A record-breaking large and destructive tornado outbreak impacted the Southern United States at the end of November 2004. The outbreak started with numerous weak tornadoes from Central Texas through Louisiana from November 22 through the afternoon of November 23 before more significant tornadoes occurred through November 24. Over a dozen intense tornadoes touched down, including four deadly tornadoes in Texas, Louisiana, Mississippi, and Alabama.

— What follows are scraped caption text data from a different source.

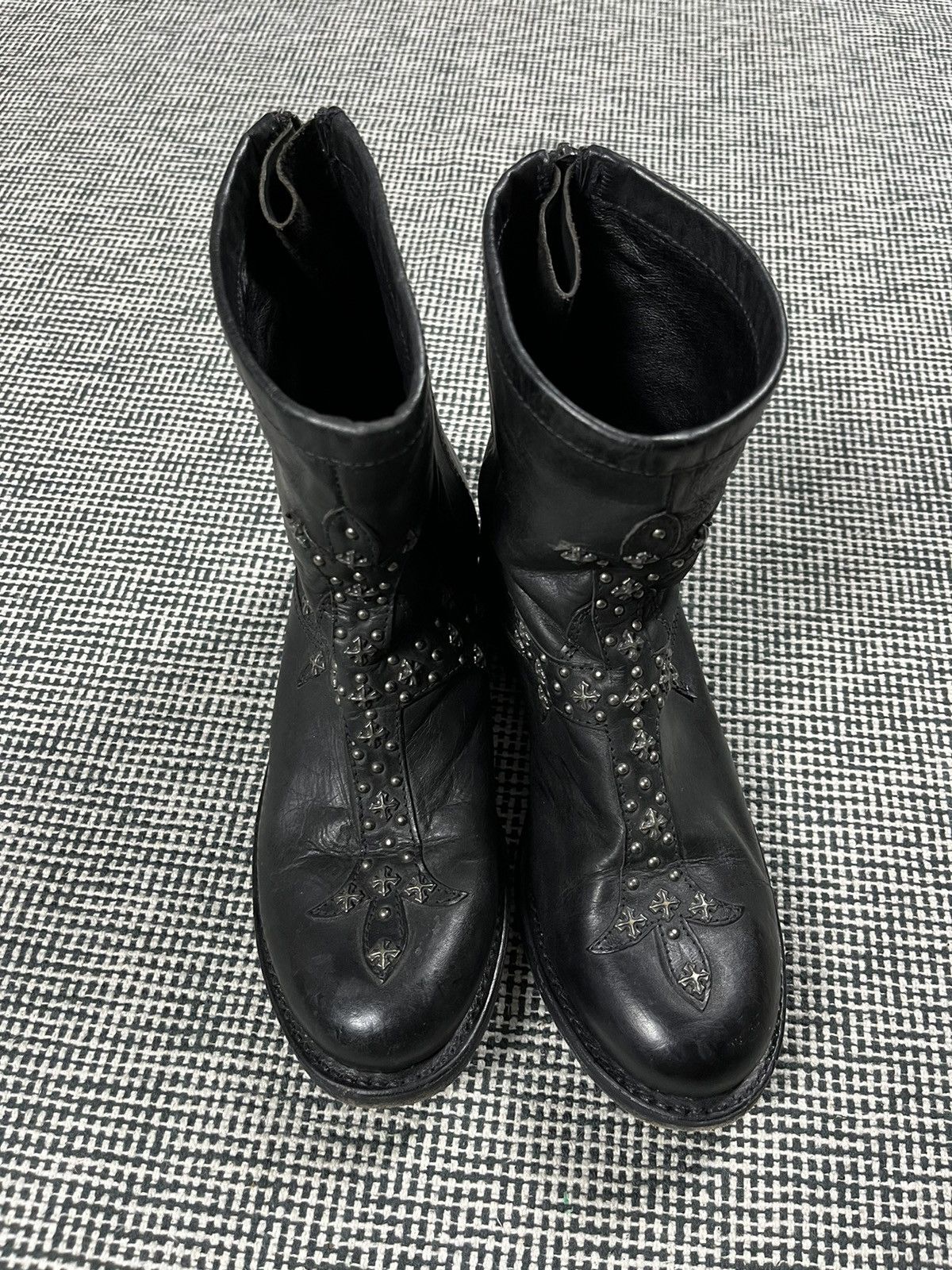 Sendra Fleur De Lis cross studded sendra cowboy boots 38 eu y2k Size US 8 / IT 38 - 2 Thumbnail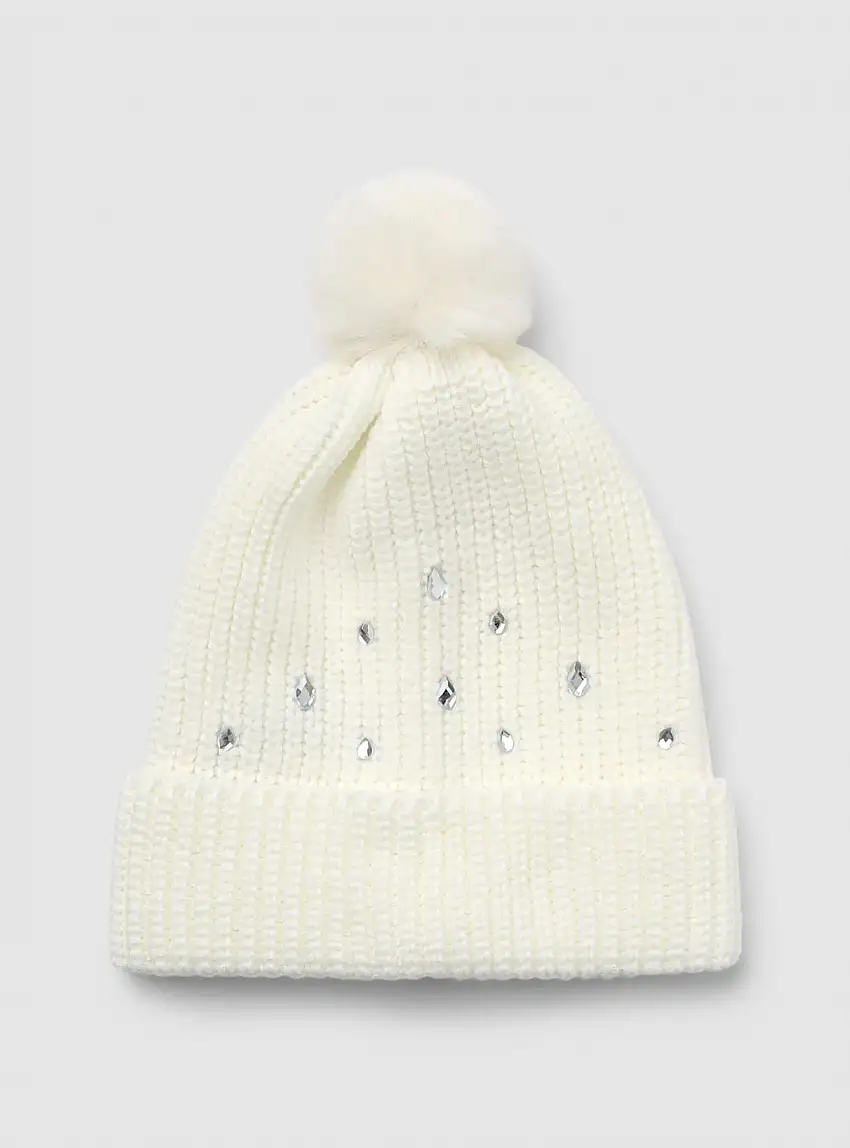 Berretto con pon pon e applicazioni luminose Bianco lana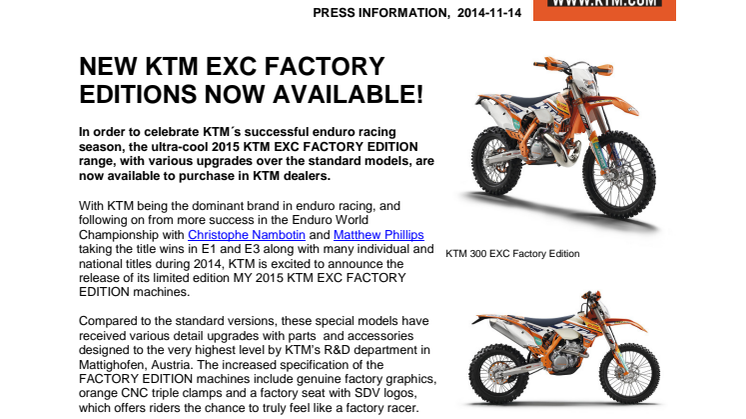 NEW KTM EXC FACTORY EDITIONS NOW AVAILABLE!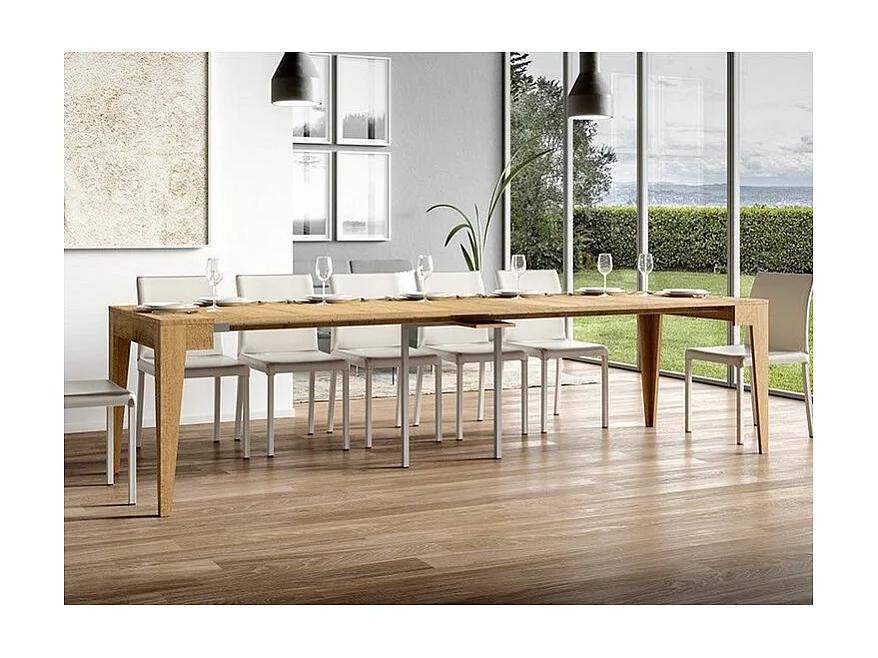 Console extensible moderne en bois Kanda 90x42-198 ou 90x42-302-Couleur Naturel-Pied et support sur roulettes-5 rallonges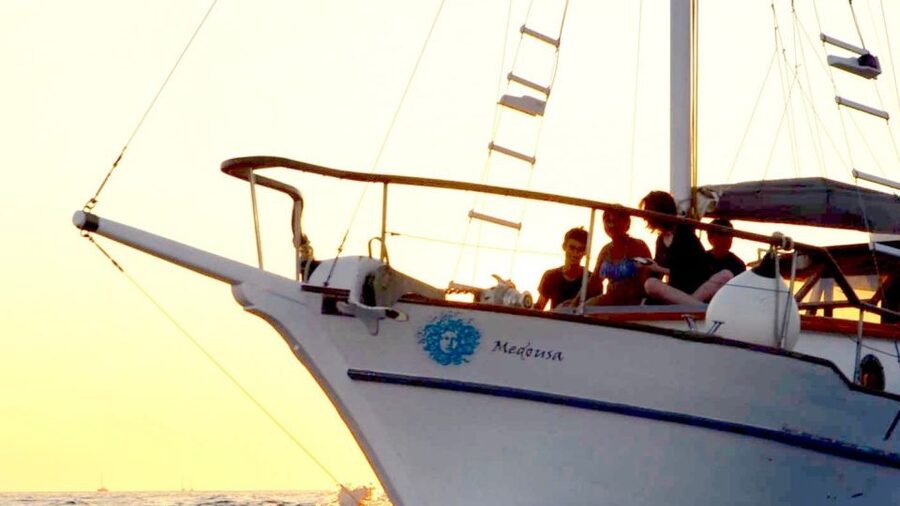 Santorini: Traditional Wooden Boat Tour with Meal and Wine - Red Beach, White Beach, and the Caldera’s First Big Views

Overall, 104 tornadoes were confirmed, setting the record for the largest continuous outbreak in November.

Meteorological synopsis
In November and December 2004, the prevailing pattern was conducive for severe weather across the Southern United States, with a large ridge over the northern Pacific Ocean supporting a southerly storm track toward the Gulf Coast. The fall season contributed to an already active year, solidifying 2004 as the busiest year for tornadoes on record in the United States.

This particular tornado outbreak began on November 22 as a potent cold-core low over Southern California began to move eastward toward Texas, where the Storm Prediction Center (SPC) issued a Slight risk of severe weather. At the surface, a warm front became increasingly defined stretching from Central Louisiana westward through Central Texas. To the south of this boundary, a weakening capping inversion, dewpoints reaching the lower 70s °F, and mixed layer convective available potential energy upwards of 1,500 J/kg indicated an environment supportive of damaging winds and isolated tornadoes. Series of strong to severe thunderstorms developed along this boundary, including a persistent supercell near the Houston metropolitan area. Low-level wind shear was locally enhanced along this front, allowing the storms to produce brief tornadoes as they interacted with it throughout the afternoon.

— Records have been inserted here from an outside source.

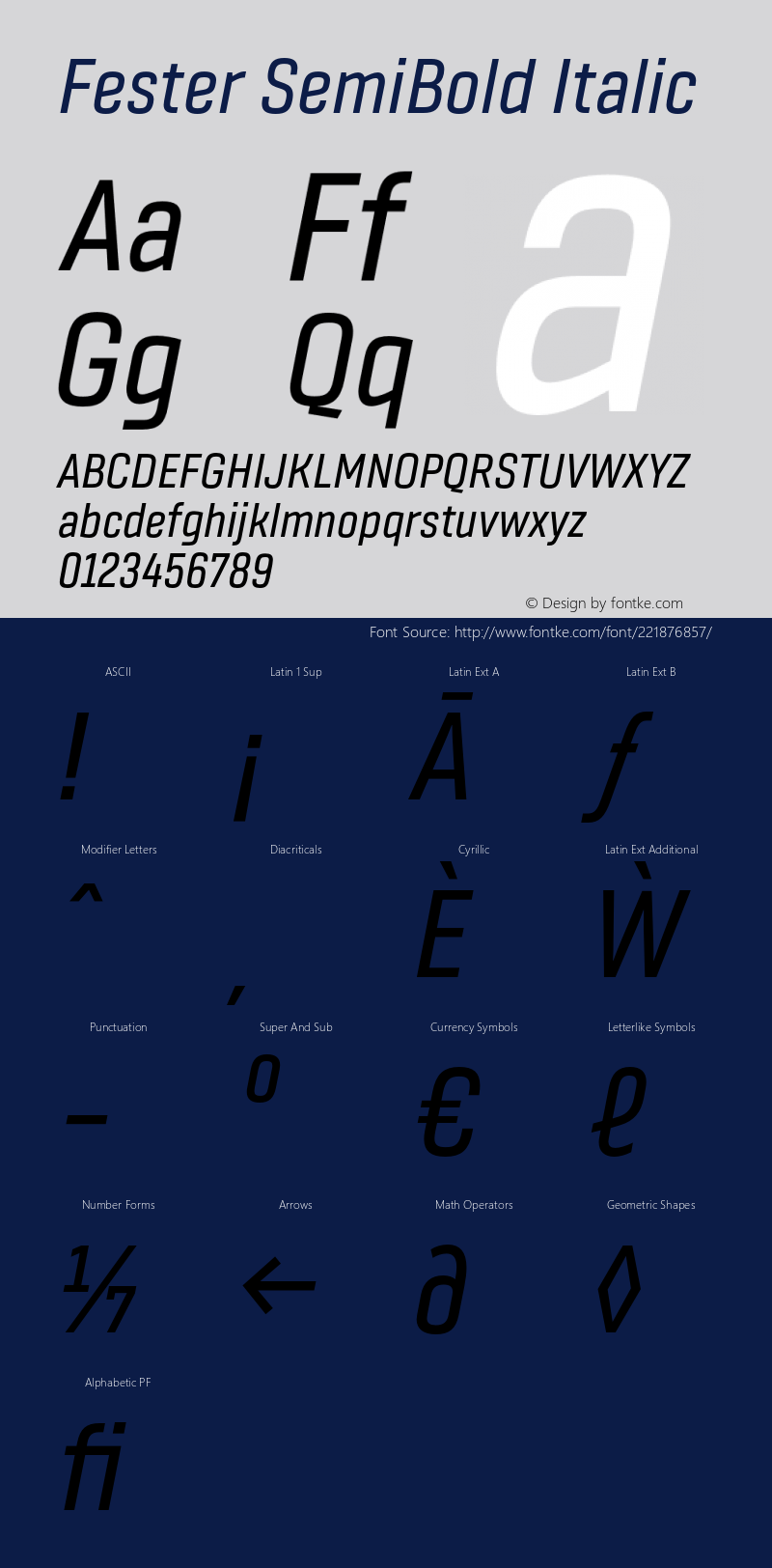 Fester SemiBold Italic Version 1.000;FEAKit 1.0图片样张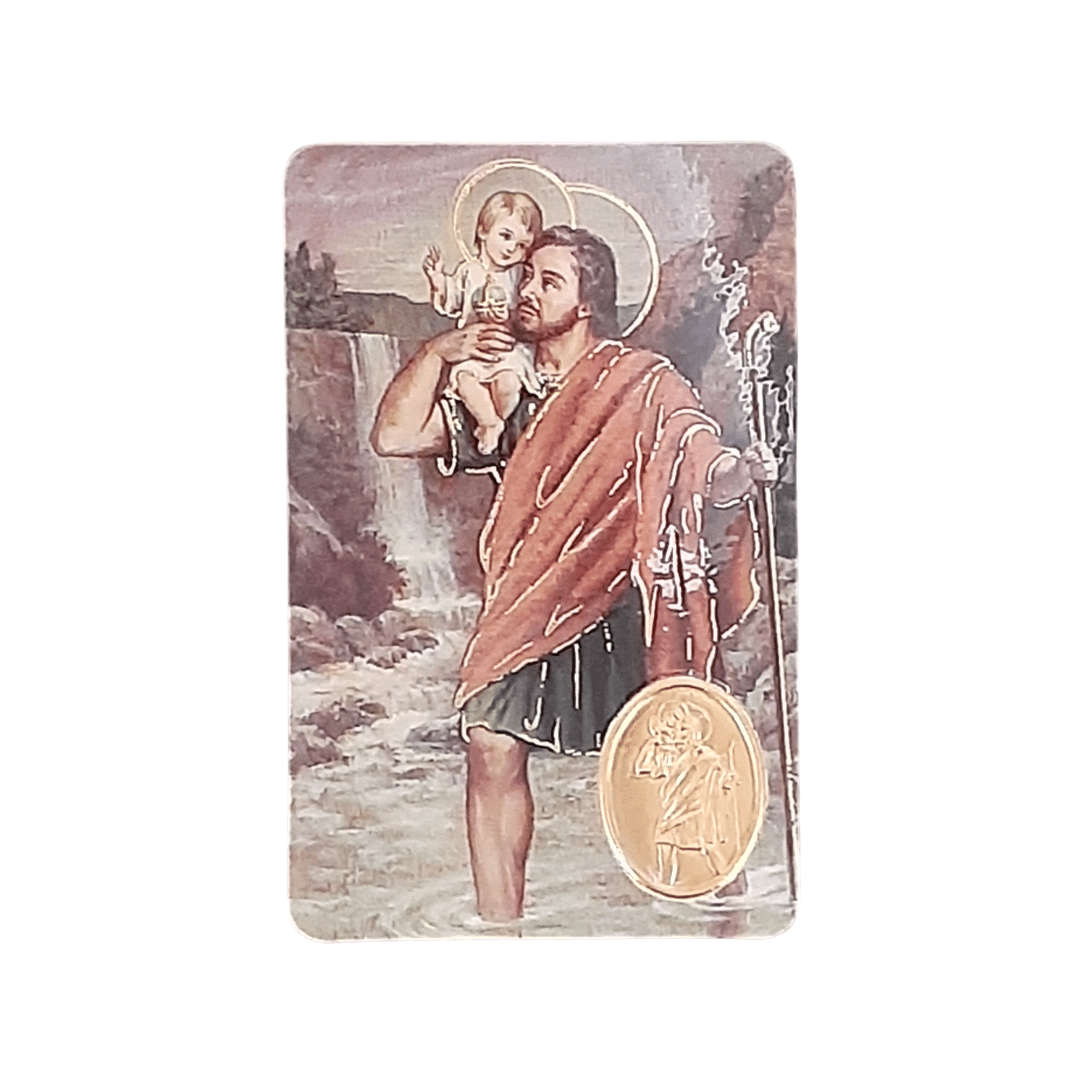Two Tone St Christopher Keyring and Card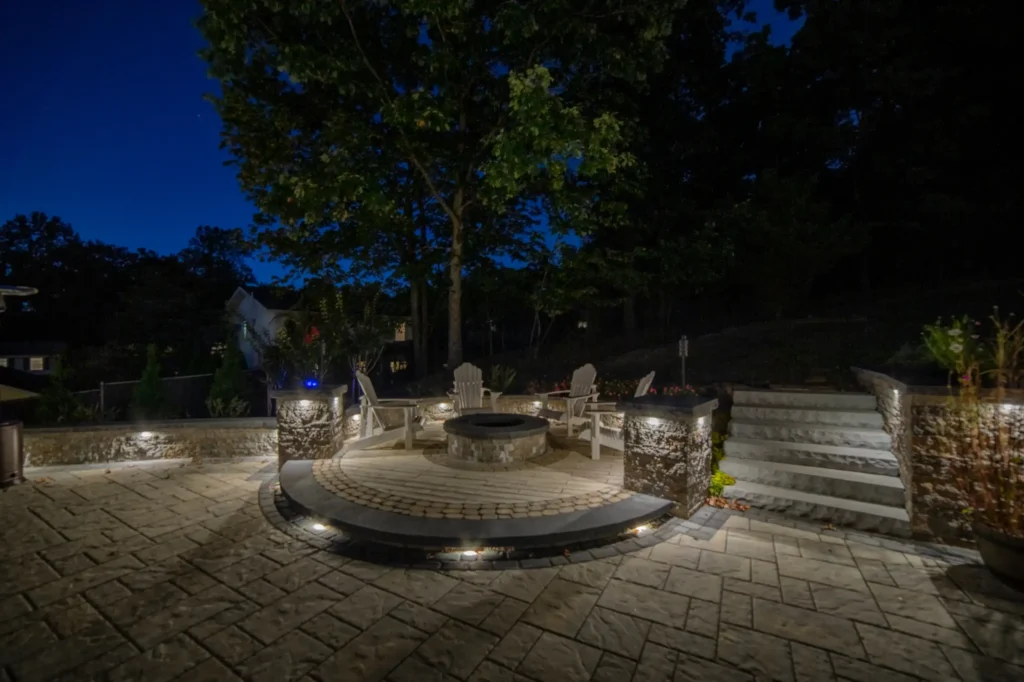 Dual patio with adjoining firepit feature-8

On November 23, the cold-core low and associated mid- to upper-level winds of  shifted eastward from the Texas Panhandle toward the Mississippi River Valley. With a low-pressure area forming over North Texas and advancing toward Arkansas, the warm front began the day just inland from the northwestern Gulf Coast but soon began to lift northward. South of this boundary, MLCAPE values of 2,000-2,500 J/kg were prevalent, while initially weak shear profiles improved as the upper-level disturbance approached from the west. By the afternoon hours, tornadic supercells developed north of I-10 before spreading eastward into Louisiana and Mississippi with time. Trailing this activity, an intense squall line developed across coastal sections of Texas and progressed eastward with increasing damaging wind potential. Even as this line overtook previously discrete supercells, additional ones developed across Mississippi and Alabama through the morning hours. Finally, as convection spread eastward into Georgia and the Carolinas, the combination of continued strong shear but marginal instability caused the event to transition to more of a damaging wind episode.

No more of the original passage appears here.